TASK DIRECTIONS: From the data below, return the exact lines starting at the line containing "Techsuit Incarcator pentru" and ending at the line containing "Double gingerbread scones", both included, and nothing else.

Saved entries
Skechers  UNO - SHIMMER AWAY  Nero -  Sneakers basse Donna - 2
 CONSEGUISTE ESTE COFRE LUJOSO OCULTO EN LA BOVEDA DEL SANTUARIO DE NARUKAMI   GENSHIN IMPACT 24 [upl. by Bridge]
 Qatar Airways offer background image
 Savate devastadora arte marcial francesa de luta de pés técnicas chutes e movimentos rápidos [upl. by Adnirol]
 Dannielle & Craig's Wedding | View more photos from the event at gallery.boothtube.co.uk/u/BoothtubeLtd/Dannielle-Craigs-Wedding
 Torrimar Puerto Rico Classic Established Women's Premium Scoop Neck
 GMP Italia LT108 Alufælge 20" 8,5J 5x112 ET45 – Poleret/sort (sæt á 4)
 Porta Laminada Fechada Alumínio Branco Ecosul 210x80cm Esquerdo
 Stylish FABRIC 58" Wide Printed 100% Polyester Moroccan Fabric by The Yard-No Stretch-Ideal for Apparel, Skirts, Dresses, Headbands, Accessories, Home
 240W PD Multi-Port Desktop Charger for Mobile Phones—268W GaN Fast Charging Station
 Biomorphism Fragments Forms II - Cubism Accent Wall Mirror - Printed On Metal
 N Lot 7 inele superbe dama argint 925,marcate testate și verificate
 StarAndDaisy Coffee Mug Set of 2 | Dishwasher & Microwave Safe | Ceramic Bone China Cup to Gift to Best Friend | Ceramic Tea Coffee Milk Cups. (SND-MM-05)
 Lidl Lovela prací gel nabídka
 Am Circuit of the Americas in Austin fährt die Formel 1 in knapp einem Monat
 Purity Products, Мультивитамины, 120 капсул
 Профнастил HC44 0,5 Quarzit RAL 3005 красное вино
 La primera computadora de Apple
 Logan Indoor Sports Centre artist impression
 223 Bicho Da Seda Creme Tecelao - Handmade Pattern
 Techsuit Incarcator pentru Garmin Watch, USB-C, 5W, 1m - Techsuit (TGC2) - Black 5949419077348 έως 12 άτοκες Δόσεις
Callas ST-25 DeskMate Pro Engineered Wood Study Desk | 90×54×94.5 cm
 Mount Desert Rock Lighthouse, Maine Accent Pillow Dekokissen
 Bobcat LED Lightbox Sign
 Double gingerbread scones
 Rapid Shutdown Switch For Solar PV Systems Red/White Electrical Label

RESULT OF THE EXERCISE:
 Techsuit Incarcator pentru Garmin Watch, USB-C, 5W, 1m - Techsuit (TGC2) - Black 5949419077348 έως 12 άτοκες Δόσεις
Callas ST-25 DeskMate Pro Engineered Wood Study Desk | 90×54×94.5 cm
 Mount Desert Rock Lighthouse, Maine Accent Pillow Dekokissen
 Bobcat LED Lightbox Sign
 Double gingerbread scones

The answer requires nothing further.